During the 2004 and 2009 general elections, a number of national exit polls over-estimated the BJP’s seat share, and the INC party went on to form coalition governments on both occasions. But, the exit polls for the 2014 Indian elections that predict a Modi victory and a BJP sweep are being seen as solid indicators by political pundits and election watchers.
A leading research group, C-Voter (Centre for Voting Opinion and Trends in Election Research) predicts that the National Democratic Alliance (NDA) headed by the BJP will win 289 seats, while the INC alliance will hold just 101. C-Voter reached its conclusions based on a sample of 166,901 randomly selected respondents in all 543 seats up for grabs. The pollster said its margin of error is +\-3 percent at a national level.
Another exit poll put together by Cicero research firm for the India Today group, showed the BJP-led NDA alliance winning between 261 and 283 seats. A political party requires at least 272 seats to rule, which is often garnered through coalitions with regional parties and independent winners.
This election cycle has seen high drama, bitterly fought wars of words, and aggressive campaigning. As the ruling INC party battles rising anti-incumbency from the voters amid accusations of graft and scams, Modi and the BJP have blistered the entire country with a media-savvy campaign that has promised to reenergize the Indian economy.
As the “Modi wave” overwhelms and wins over Indian voters as indicated by the exit polls, Praveen Rai, a political analyst at the Centre for the Study of Developing Societies, cautions that the election results will clarify if the enthusiastic support for Modi is real or created by the media.
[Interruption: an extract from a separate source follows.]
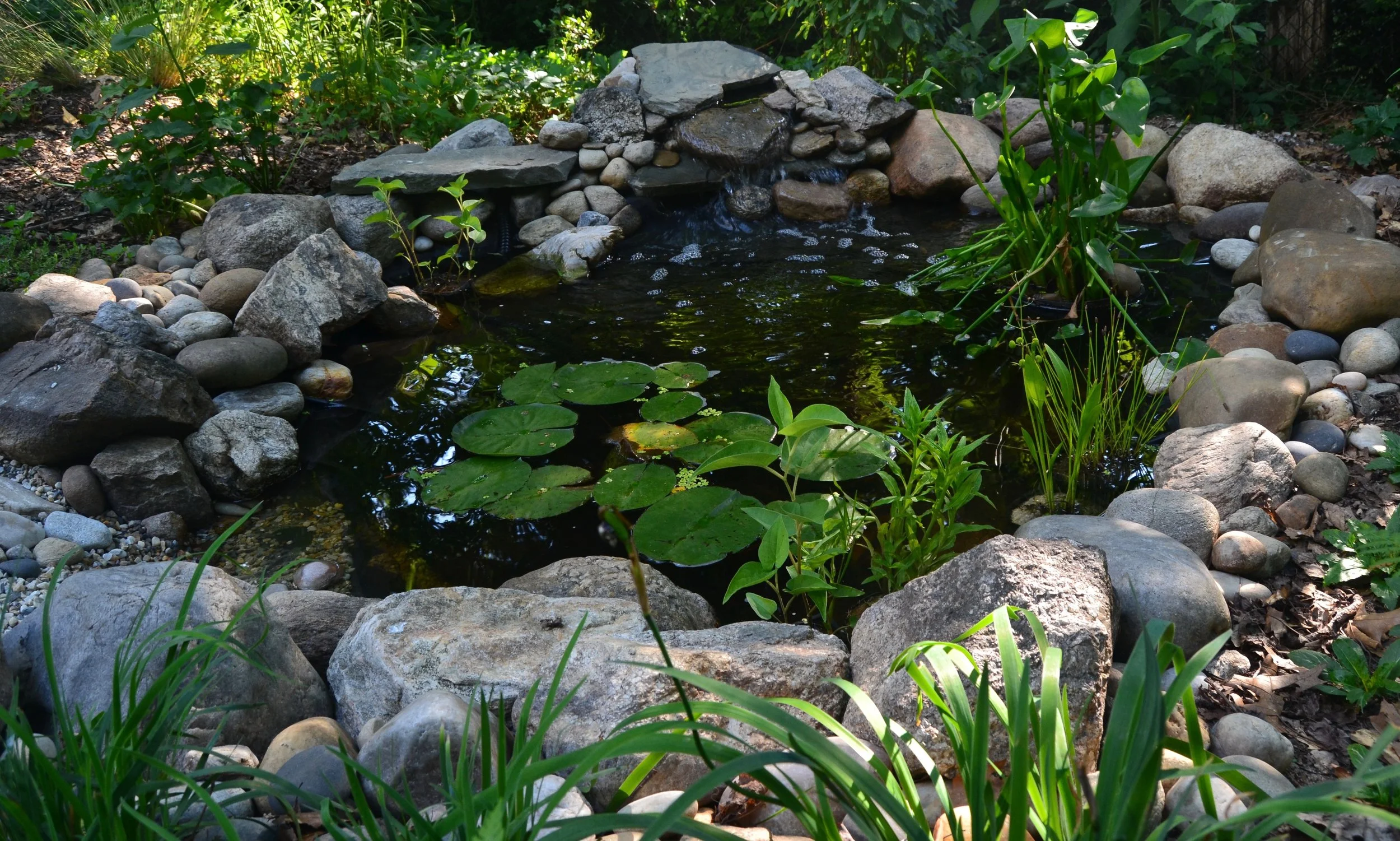 pond.jpg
According to Rai, one of the reasons for treating the exit polls with wariness is that in caste-sensitive states like Uttar Pradesh, one of India’s core political battleground states, voters could be fearful about their choice and might not speak freely.
Whether voters tell pollsters the truth or not, they have certainly turned out in droves. On Monday, as polling came to an end, Election Commission officials said that more than 551 million voters had cast their ballots, higher than any turnout in the country’s history.
As the biggest democracy of the world closes its longest and perhaps, most expensive election cycle, the results are being awaited with much anticipation, and people are on tenterhooks to see who reaches the magic number of 272 seats first. If exit polls predictions are to be believed, Modi is slated to be the new prime minister of India with his party sweeping their way to a hard-fought victory.